Prove that $\left( \sum_{j=0}^{\left[n/2\right]} {n \choose j} \left(1+p\right)^j \right)^{1/n}$ is increasing in $n$

binomial-coefficientssummation

I need to prove that ($p>0$ and $[x]$ is the greatest integer $\leq x$):

$$L(n) = \left( \sum\limits_{j=0}^{\left[\frac{n}{2}\right]} {n \choose j} \left(1+p\right)^j \right)^{\frac{1}{n}}$$

is an increasing function of $n$. It is quite apparent numerically but is surprisingly hard to prove. I thought of taking logarithm on both sides:

$$\log(L(n)) = \frac{\log\left( \sum\limits_{j=0}^{\left[\frac{n}{2}\right]} {n \choose j} \left(1+p\right)^j \right)}{{n}}$$

But this doesn't seem to lead anywhere.


One idea I had that provides a vague outline: let $p=0$. Then we get:

$$L(n) = \left( \sum\limits_{j=0}^{\left[\frac{n}{2}\right]} {n \choose j} \right)^{\frac{1}{n}}$$

For odd $n$ this becomes:

$$L(n) = \left( \frac{2^n}{2}\right)^{\frac{1}{n}} = \frac{2}{2^{\frac{1}{n}}}$$

and this is an increasing function. So, adding $p>0$ shouldn't make this decreasing.


EDIT: Here is some python code that demonstrates that the function is increasing.

import numpy as np
import matplotlib.pyplot as plt
from scipy.special import comb

def binom_partial_sum(n,p=.5):
    b_sum=0
    for j in range(int(n/2)+1):
       b_sum+=comb(n,j)*(1+p)**j
     return b_sum**(1/n)
sums = np.array([binom_partial_sum(i,p=0.1) for i in range(11,301,1)])
plt.plot(np.arange(11,301,1),sums,label="partial sum")

EDIT: turns out the premise of this question is wrong. The expression increases over the long range, but nothing can be easily said over short increments. For example, see plot below of the partial sum with $n$ ($p=3.0$):
enter image description here

Best Answer

I'm writing this here in case getting an idea of the dominant behavior of the function suffices for your purposes.

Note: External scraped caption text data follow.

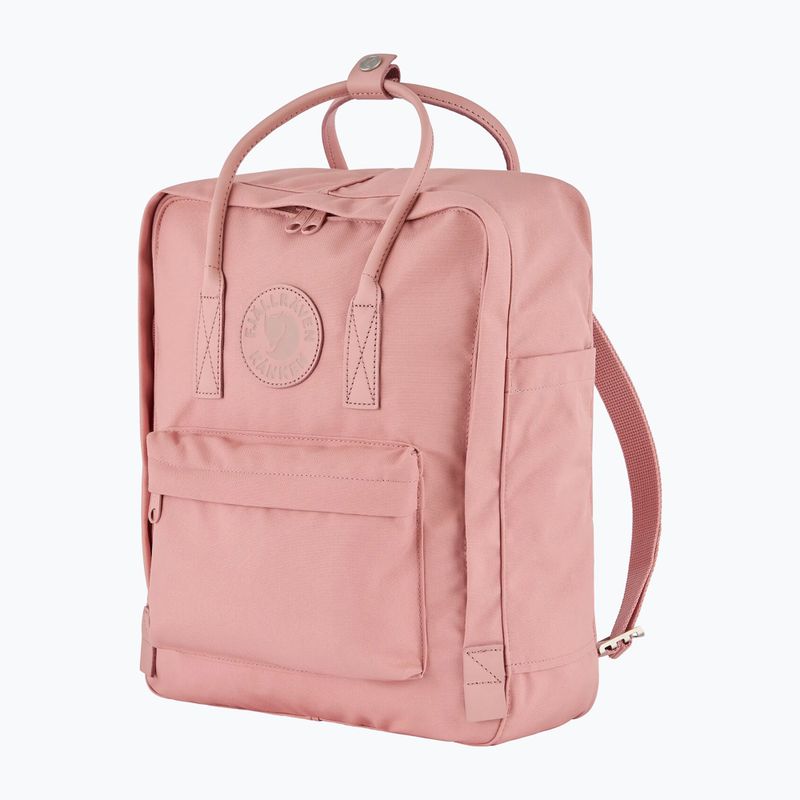 Rucsac de oraș Fjällräven Kanken No. 2 16 l dusty rose 2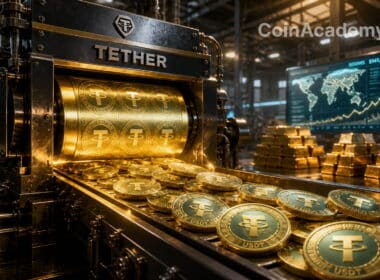 Tether usdt reserves profits records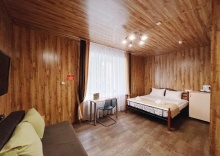 Красноярск: Отель A-house hotel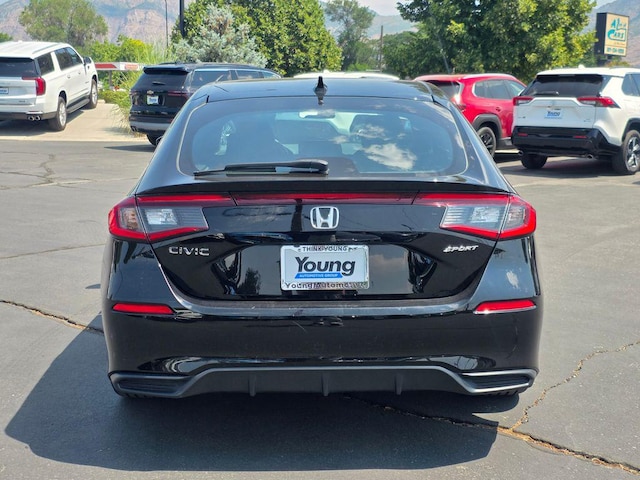 2024 Honda Civic Hatchback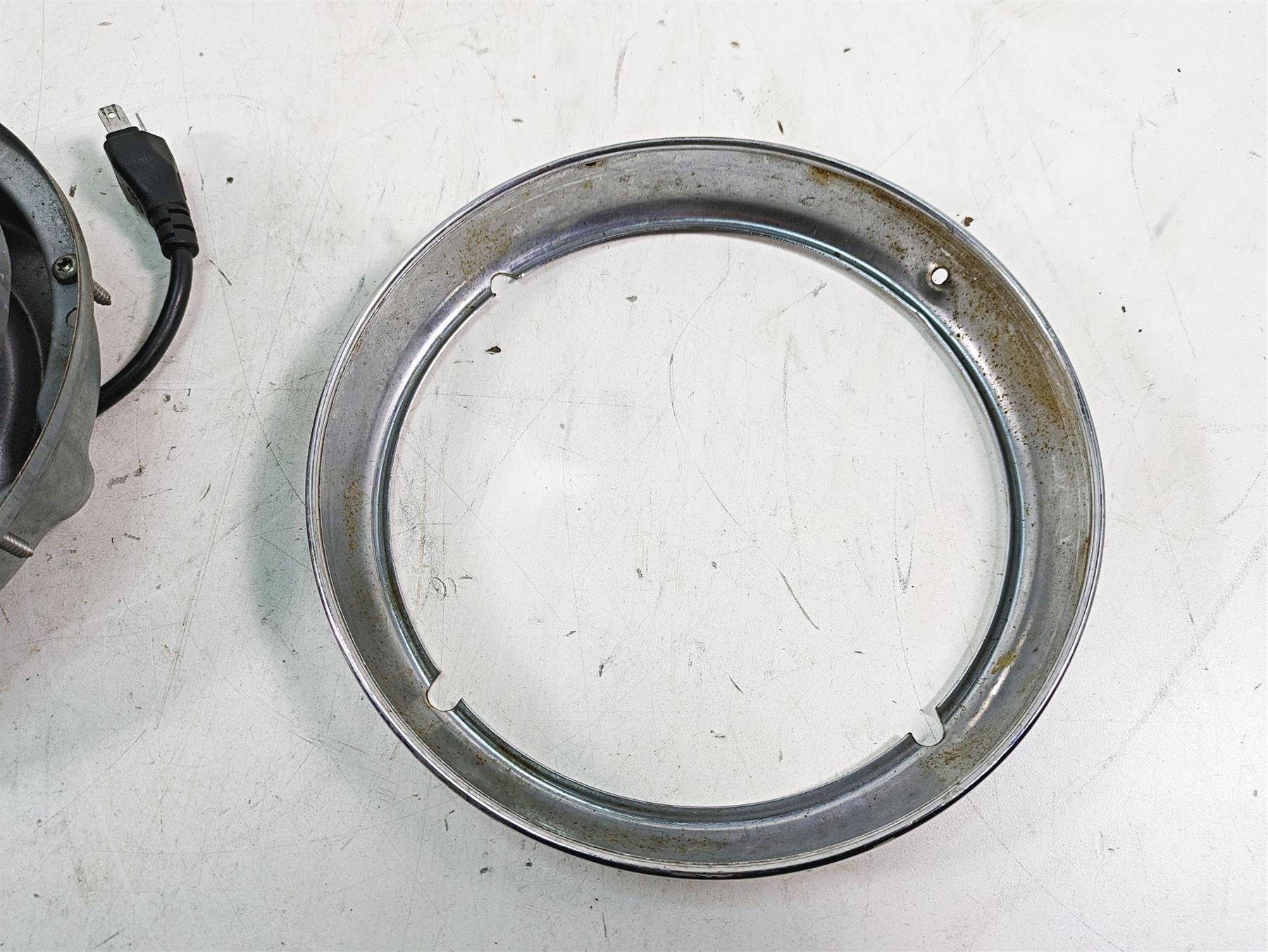 2009 Harley Touring FLHTCU Electra Glide Custom Dynamics Led Headlight CD-7-13 {{ shop.shopifyCountryName }} - Mototech271
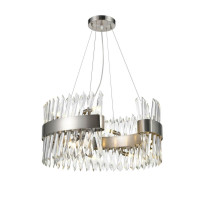  - Подвесная люстра Vele Luce Lion VL3015P14
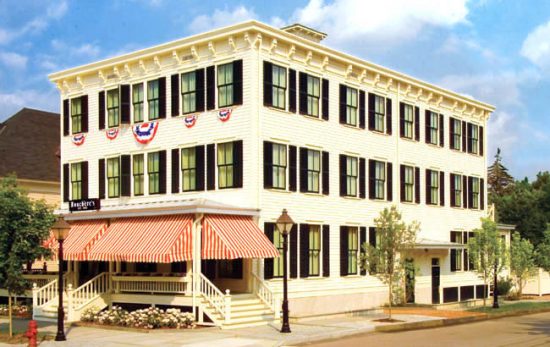 Hotel Fauchere
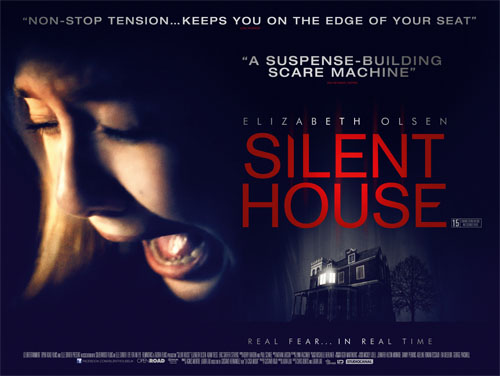 silent house poster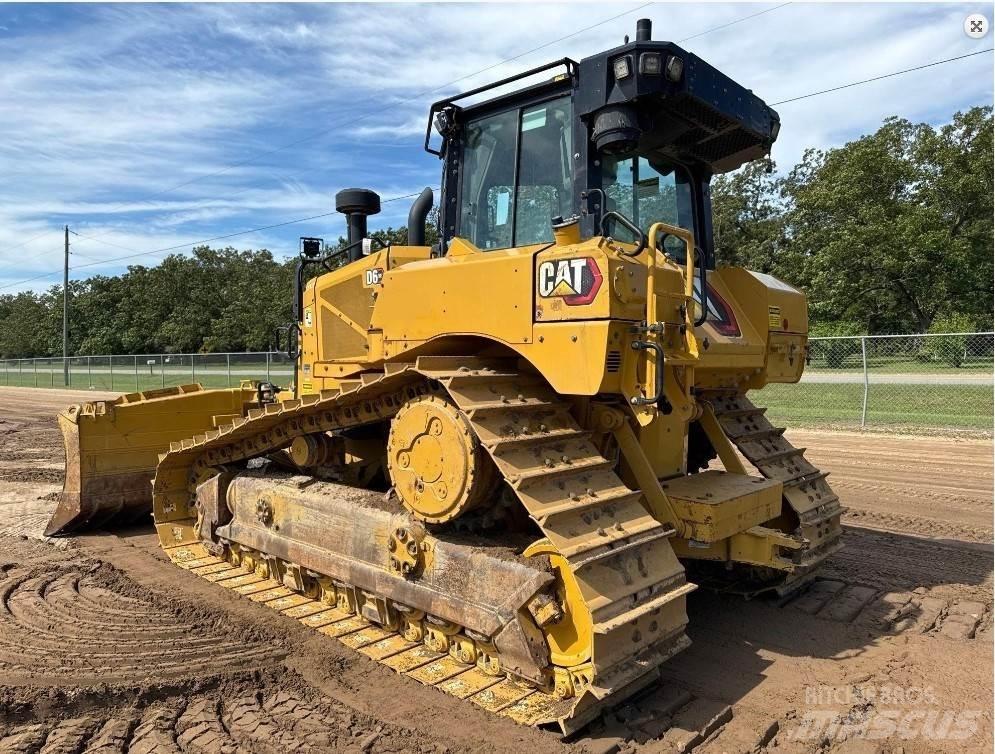 CAT D6 XE LGP Buldožerji goseničarji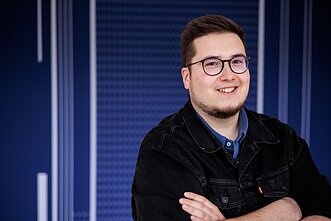 „Eurovizijos“ apžvalgininkas, žurnalistas Justas Buivydas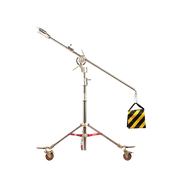 MAGIC4420 Heavy Load Wheeled Light Stand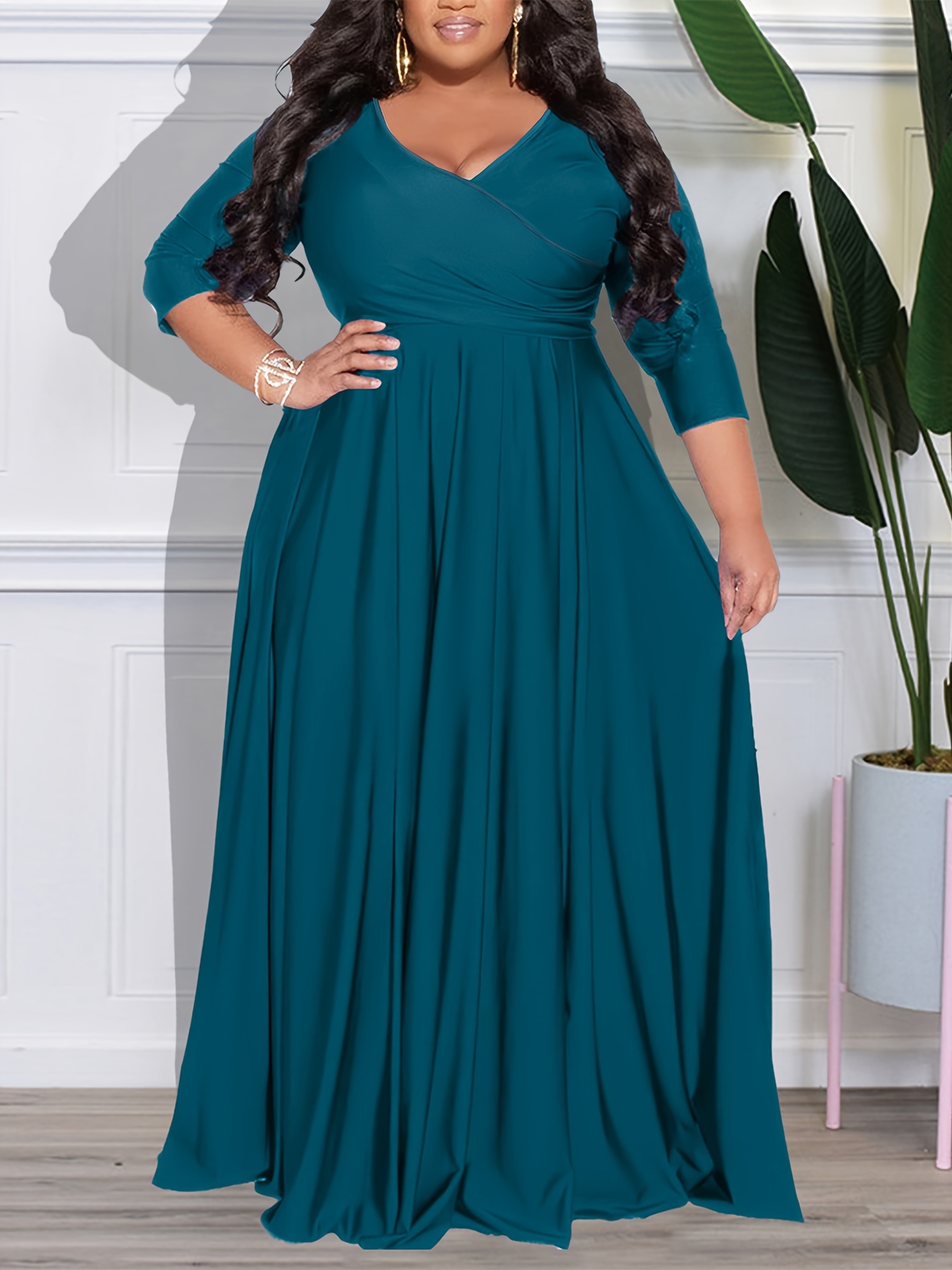 Plus size hot sale party clothes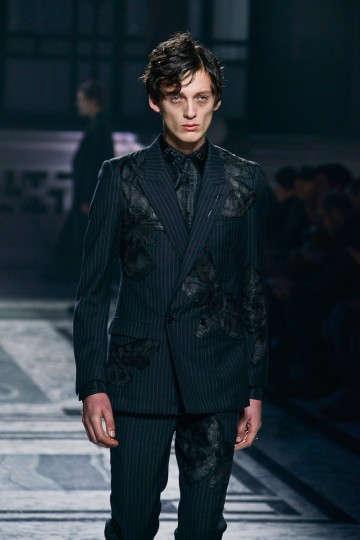 LCMAW16 - Alexander McQueen - Krish Nagari - TheUpcoming -19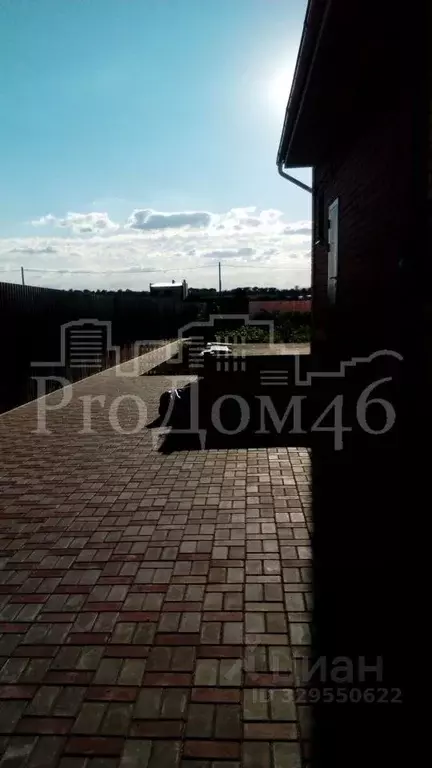 Дом в Курская область, Курский район, Новопоселеновский сельсовет, д. ... - Фото 2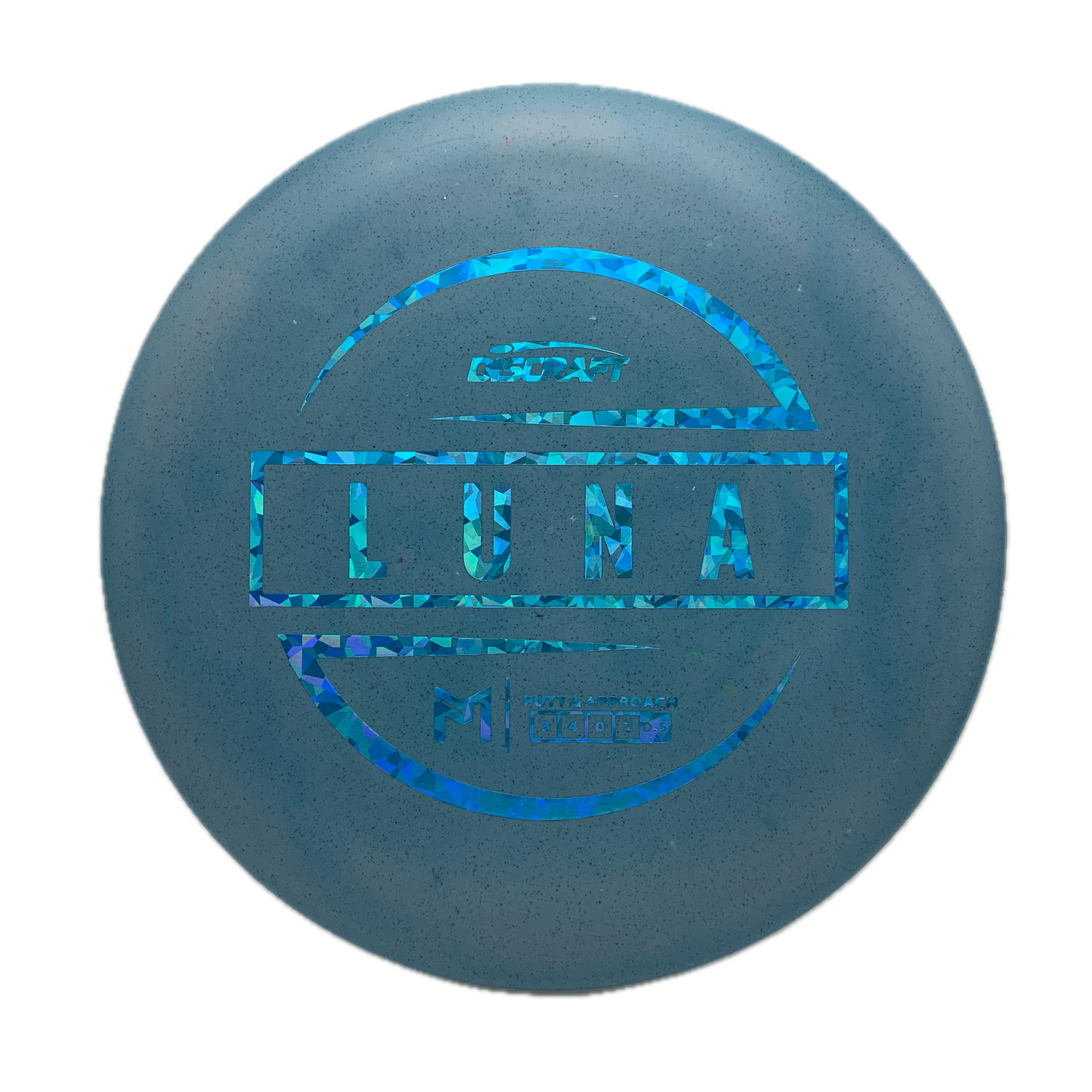 Discraft Luna Putter Blend #19 - 169 - Astro Discs TX - Houston Disc Golf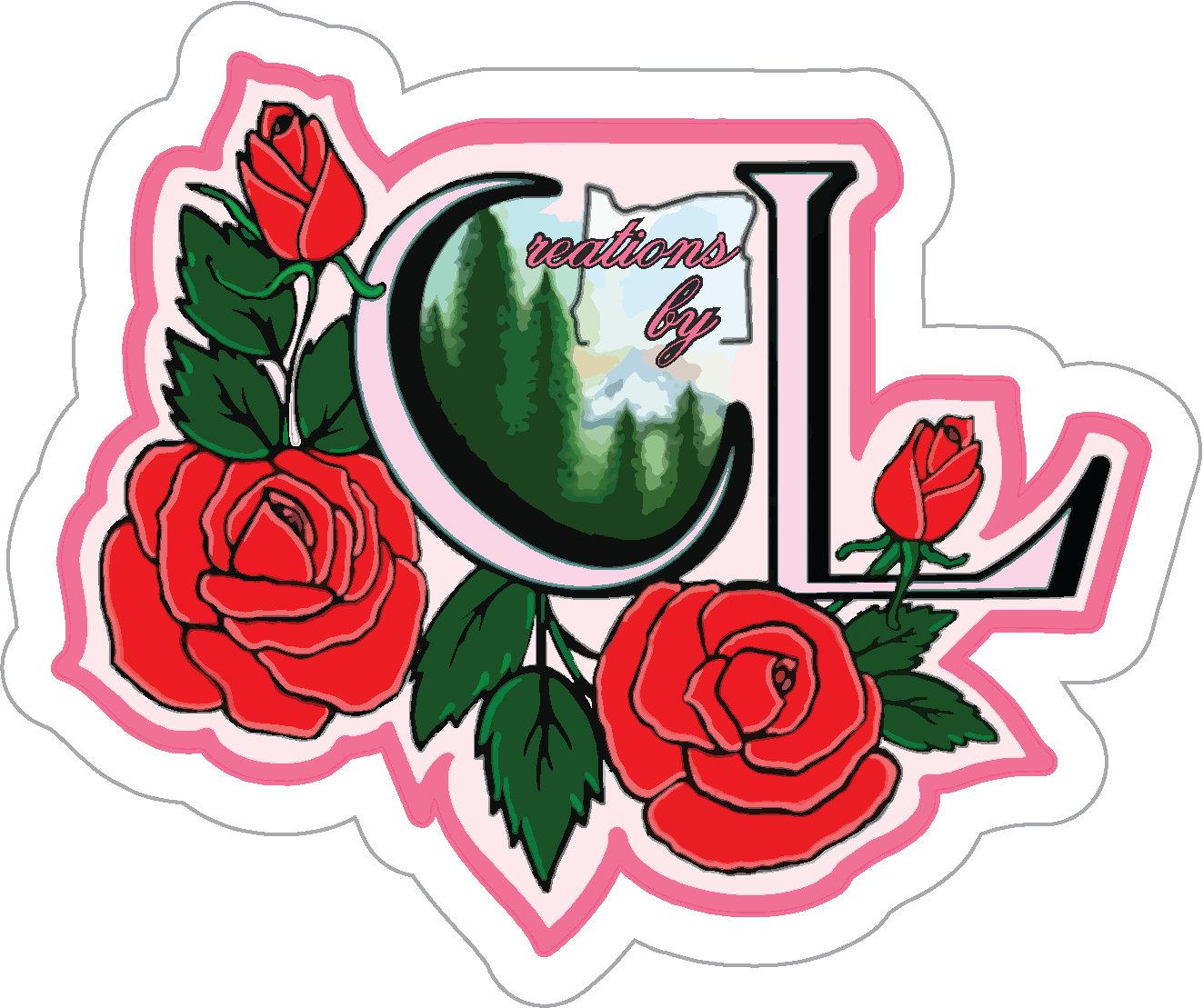 Die Cut Stickers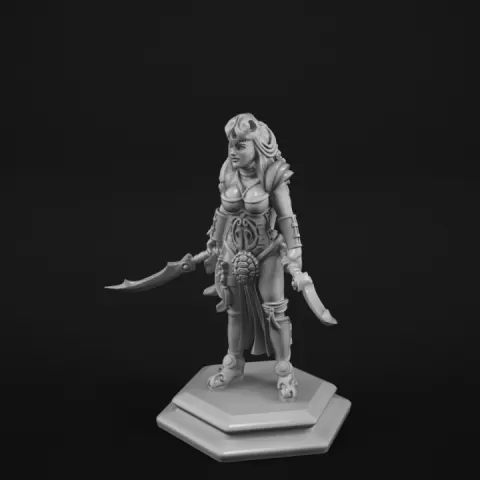 Soldier 1 by Crosslances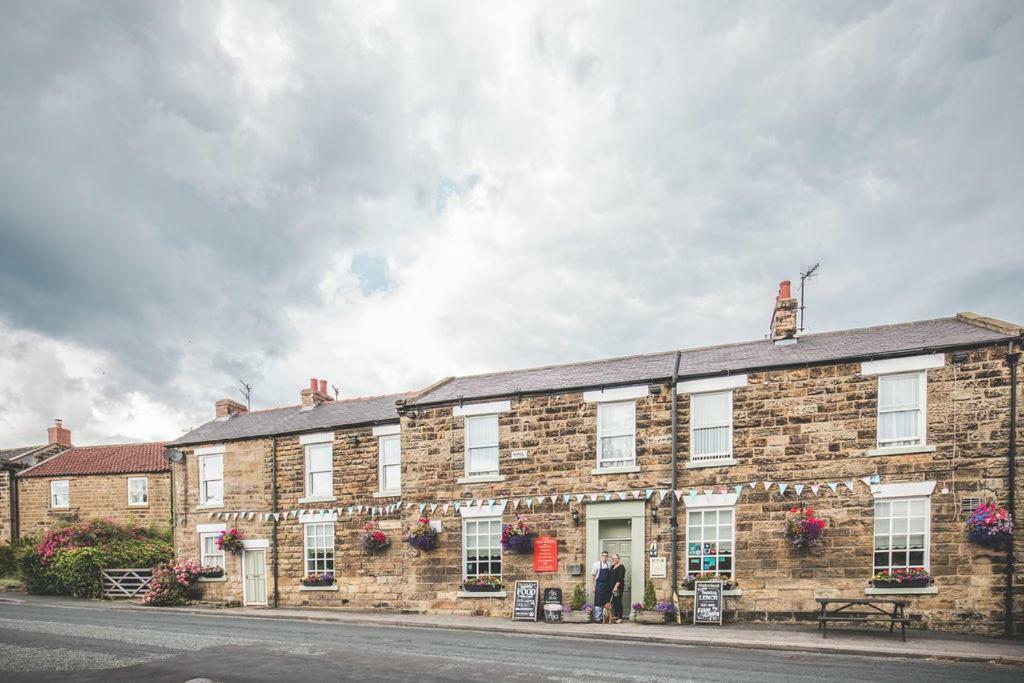 The Oakwheel Hotel Scarborough Exterior foto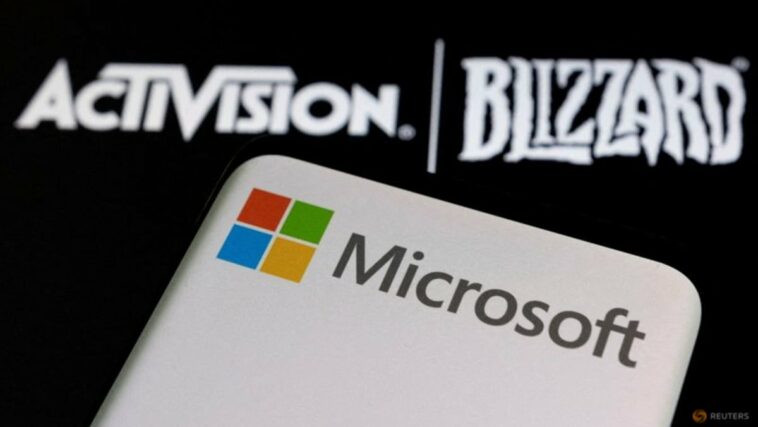 Microsoft en conversaciones para extender contrato de acuerdo con Activision -fuente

Focusing on just the even terms of the sequence for concreteness, let $X_n$ be a random variable distributed as $\text{Binom(2n, 1/2)}.$ Also let $\alpha = 1+p.$ We have

$$ \frac{L(2n)}{2} = \left( \sum_{k=0}^n \mathbb{P}(X_n = k) \alpha^k\right)^{\frac{1}{2n}}$$

Letting $Y_n = X_n - n$ and shifting the index, we have

$$L(2n) = 2 \sqrt{\alpha} \left( \sum_{k= -n}^0 \mathbb{P}(Y_n = k) \alpha^k \right)^{\frac{1}{2n}}$$

By the normal approximation to the Binomial, the term inside the brackets is approximately $$ \int^{1/2}_{-n-1/2} \frac{1}{\sqrt{n\pi}} \exp \left(-\frac{y^2}{n} \right) \ \alpha^y \ dy \\ = \frac{1}{2} \exp\left(\frac{n\log^2 \alpha}{4}\right) \left( \text{erf}\left( \frac{n \log \alpha + 2n+1}{2\sqrt{n}} \right)-\text{erf}\left( \frac{n\log \alpha - 1}{2\sqrt{n}} \right) \right).$$

This should match your plot fairly closely. We could use the asymptotic expansion of the error function to give an expansion of this function (although I would recommend using a computer algebra software such as Mathematica).